Sabato, 27 giugno 2020: le piazze delle città italiane si riempiono di migliaia di persone che protestano contro il “Piano del secolo” accolto con entusiasmo dalla destra israeliana e mondiale e che prevede una ulteriore espansione dello Stato di Israele nei territori palestinesi, con l’annessione di una gran parte della valle del Giordano e di altri territori della Cisgiordania, dove nel corso del tempo i coloni israeliani hanno già preso possesso di tutto quello che toglie vita e spazio ai palestinesi. L’annessione dei territori della Cisgiordania è l’antica promessa di Benjamin Netanyahu ai suoi elettori, e sta per avverarsi. Il governo di Israele ha promesso che entro il 1° luglio il piano verrà portato a termine, anche grazie al “via libera” e all’appoggio della Casa Bianca. Le elezioni presidenziali USA sono alle porte e il voto dei sionisti è fondamentale per il presidente Trump e per la sua amministrazione.

Ai palestinesi viene negata qualsiasi possibilità di autodeterminazione, per loro è prevista soltanto un’ipocrita autonomia sotto l’occupazione militare, economica e politica, di Israele. In fondo questo era l’antico obbiettivo di Menachem Begin, il fondatore del Likud che poneva le sue radici nel movimento sionista. Oggi Netanyahu è il leader del Likud, e sta per realizzare il progetto del suo fondatore. Sul dramma del popolo palestinese e sulle scelte dello Stato di Israele si potrebbero riempire pagine. Qualcuno molto più autorevole di me lo ha fatto e mi auguro che continuerà a farlo. La mia penna è infinitamente più piccola, ma mi basta comunque per scrivere l’indignazione e la rabbia che mi accomuna alle tante persone libere che hanno riempito quelle piazze.
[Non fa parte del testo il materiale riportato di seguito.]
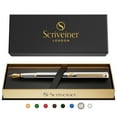 thumbnail image 6 of Scriveiner Silver Chrome Fountain Pen - Stunning Luxury Pen with 24K Gold Finish, Schmidt 18K Gilded Nib (Medium), Best Pen Gift Set for Men & Women, Professional, Executive Office, Nice Pens, 6 of 12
L’indignazione è figlia di quella pagina di storia che si decide di capire, e conoscere, negli ultimi giorni di un’estate finita nel sangue: era il 1982 e i giorni di Sabra e Shatila sono stati uno schiaffo violento, forte fino al punto di impedire di voltare la faccia da un’altra parte. C’è sempre un momento dove le verità raccontate dai telegiornali e dai governi di turno non bastano più, e allora cerchi di andare oltre. La rabbia ha invece molte facce: per esempio l’indifferenza e il silenzio con cui gran parte del mondo occidentale ha assistito, e permesso, la lunga e brutale oppressione del popolo palestinese. Pochi altri Stati, nel mondo, hanno goduto dell’impunità e della tolleranza concessa ad Israele. Difficile, o forse fin troppo facile, provare a spiegare il perché. Credo che una delle prime risposte sia il mai rimosso senso di colpa per la vergognosa tragedia dei campi di sterminio nazisti e quel mondo occidentale, che per anni aveva finto di non vedere e di non conoscere la vera natura del nazismo ma anzi aveva partecipato in maniera attiva e complice a quella notte del Novecento, ha poi deciso di lavare la propria coscienza.

A questo si aggiungono gli interessi economici e le alleanze geopolitiche su un’area geografica di estrema importanza. Infine, il concetto di “razza” e quell’idea di supremazia di cui l’uomo non riesce proprio a liberarsi. L’insieme di troppe componenti che ha portato ad un’altra lunga notte di silenzi e complicità: dalla costruzione della “grande Gerusalemme” negli anni ‘70 fino ai muri di oggi; dalle bombe e dal sangue di “piombo fuso” al progetto di annientare ogni possibilità di vita e di umanità per il popolo di Palestina. La striscia di Gaza è il simbolo della notte palestinese, che prova a resistere ogni giorno un po’ di più per arrivare all’alba del giorno dopo.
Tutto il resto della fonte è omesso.